Brain development is one of the most fascinating subjects in the field of biological sciences. Nonetheless, our scientific community still faces challenges in trying to understand the concepts that define the underlying mechanisms of neural tissue development. After all, it is a very complex subject to grasp and many of the processes that take place during central nervous system maturation are yet to be ascertained. Despite this challenge, we have come to recognize that understanding the natural course of normal brain tissue development on both microscopic and macroscopic scales is the key to deciphering the mechanisms through which these neural networks also heal and regenerate.

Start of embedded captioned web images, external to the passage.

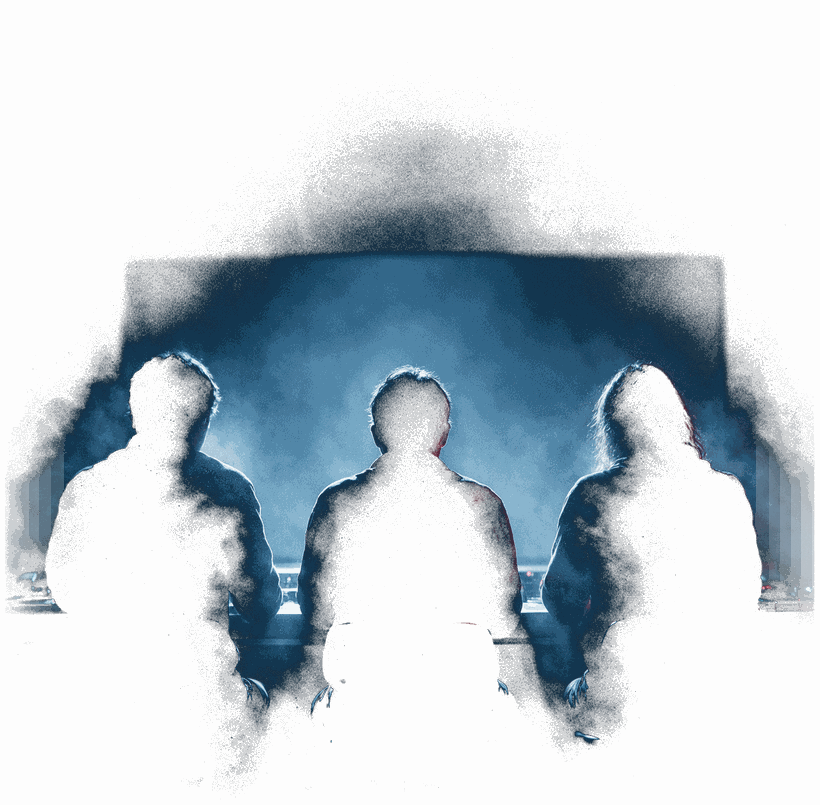 Three operators silhouetted at a shared console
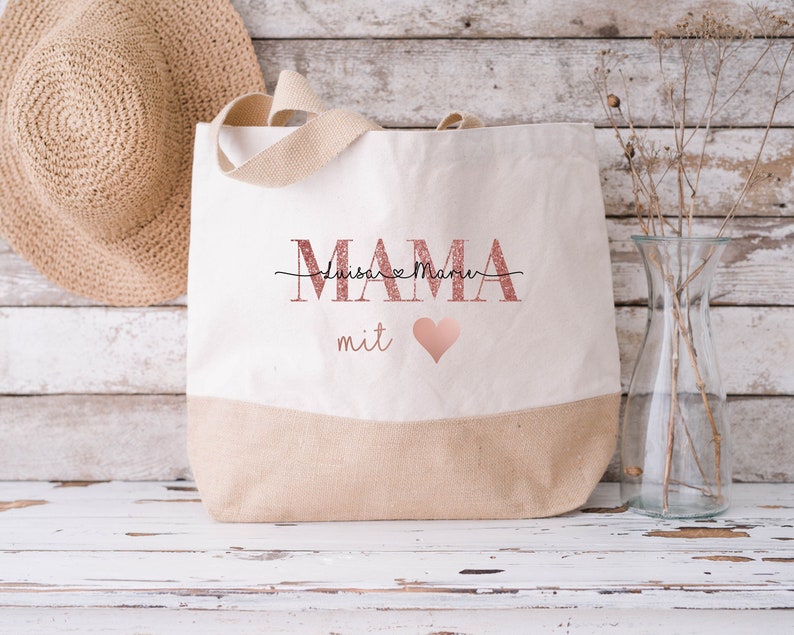 Pode incluir: Uma bolsa tote de lona bege com um design de glitter rosa que diz "MAMA" com os nomes "Luisa" e "Marie" escritos em it&aacute;lico acima da palavra "MAMA". A bolsa tamb&eacute;m tem um cora&ccedil;&atilde;o rosa e a palavra "mit" escrita abaixo da palavra "MAMA".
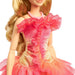 Vue rapprochée du visage de la poupée Glinda avec expression et détails soignés du personnage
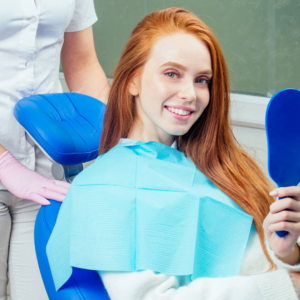 redhaired ginger lady checking teeth in mirror at 2022 05 12 00 51 02 utc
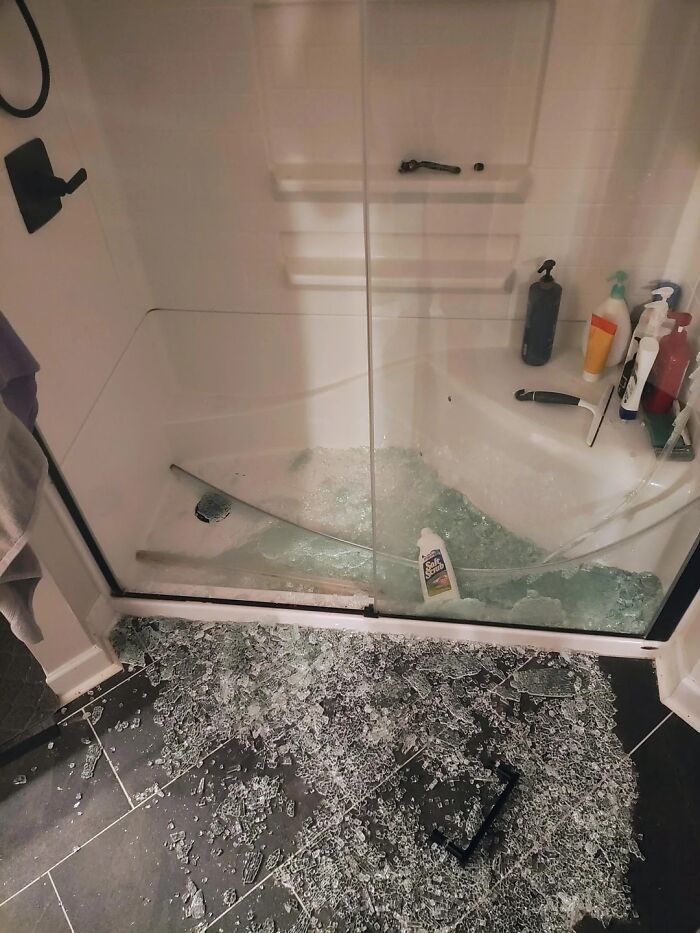 Broken glass shower door shattered on bathroom floor with shampoo bottles inside, showing unfortunate events that make you feel better.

Realizing this concept, my good friend and colleague, Dr. Sarah Milla, and I decided to take on a human study to investigate brain maturation using non-invasive imaging techniques in the pediatric population at New York University (NYU) School of Medicine (Paydar et al., 2013). Our research subjects included 59 normal infants with an age spectrum ranging from birth to approximately 5 years of age, when the brain is in its most active stage of development. We implemented a Magnetic Resonance Imaging (MRI) diffusion technique called Diffusional Kurtosis Imaging (DKI) to investigate the microstructural changes that occur in both the white matter (WM) and gray matter (GM) in the developing brain.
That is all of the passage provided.